Personal information
- Full name: Nikolay Borislavov Mihaylov
- Date of birth: 28 June 1988 (age 38)
- Place of birth: Sofia, Bulgaria
- Height: 1.94 m (6 ft 4 in)
- Position: Goalkeeper

Youth career
- Levski Sofia

Senior career*
- Years: Team / Apps / (Gls)
- 2004–2007: Levski Sofia / 12 / (0)
- 2007–2010: Liverpool / 0 / (0)
- 2007–2010: → Twente (loan) / 6 / (0)
- 2010–2013: Twente / 82 / (0)
- 2013–2014: Hellas Verona / 0 / (0)
- 2014–2015: Mersin İdmanyurdu / 9 / (0)
- 2016–2017: Mersin İdmanyurdu / 29 / (0)
- 2017–2018: Omonia / 10 / (0)
- 2018–2024: Levski Sofia / 52 / (0)
- Total:  / 216 / (0)

International career
- 2004–2008: Bulgaria U21 / 22 / (1)
- 2006–2022: Bulgaria / 46 / (0)

= Nikolay Mihaylov (footballer) =

Bulgarian footballer (born 1988)

Nikolay Borislavov Mihaylov (Николай Бориславов Михайлов; born 28 June 1988) is a Bulgarian former professional footballer who played as a goalkeeper.

== Personal life ==
Mihaylov's father was goalkeeper Borislav Mihaylov, the player with the second most international appearances for Bulgaria (after Stilyan Petrov) and head of the Bulgarian Football Union, and his grandfather was Biser Mihaylov, who also played in goal for Levski in the 1960s.

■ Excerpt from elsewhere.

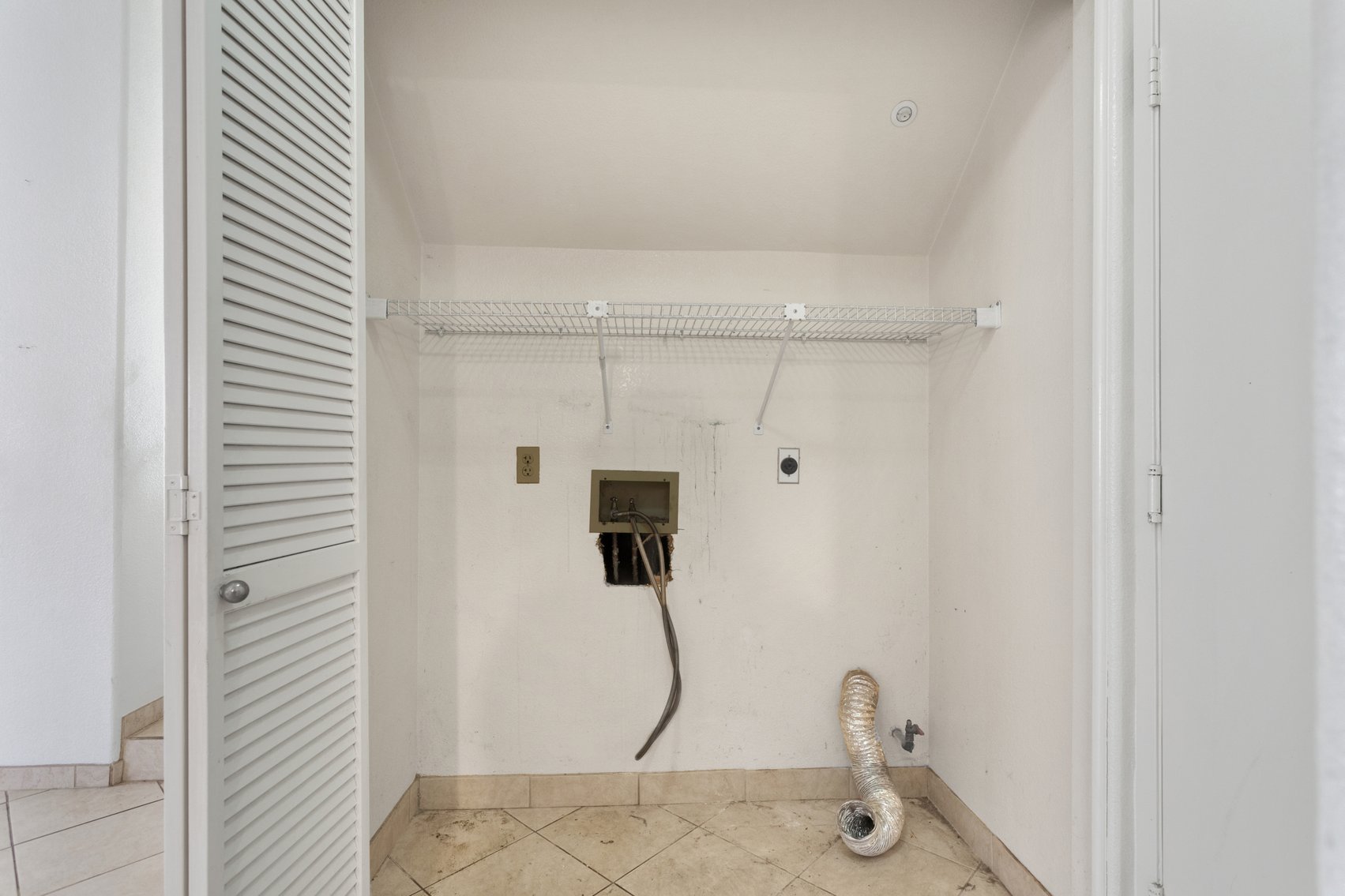 Image for Cozy Moreno Valley Escape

Maria Petrova, a prominent world champion in rhythmic gymnastics, has been his stepmother since 1998.

== Club career ==

=== Levski Sofia ===
Talented Mihaylov started as a youngster with home country top team Levski Sofia, making his full 90 minutes debut at the age of just 17 in the UEFA cup match against Auxerre. He nevertheless was not popular with their fans. Mihaylov's poor performances in some matches, particularly his blunder in the Champions League game against Werder Bremen on 31 October 2006, provoked a negative campaign among Levski supporters who associated his career with protection from his influential father.

=== Liverpool ===
In June 2007, Mihaylov almost joined Fiorentina, but was instead transferred to Liverpool on a three-year contract, with an option for a further two years.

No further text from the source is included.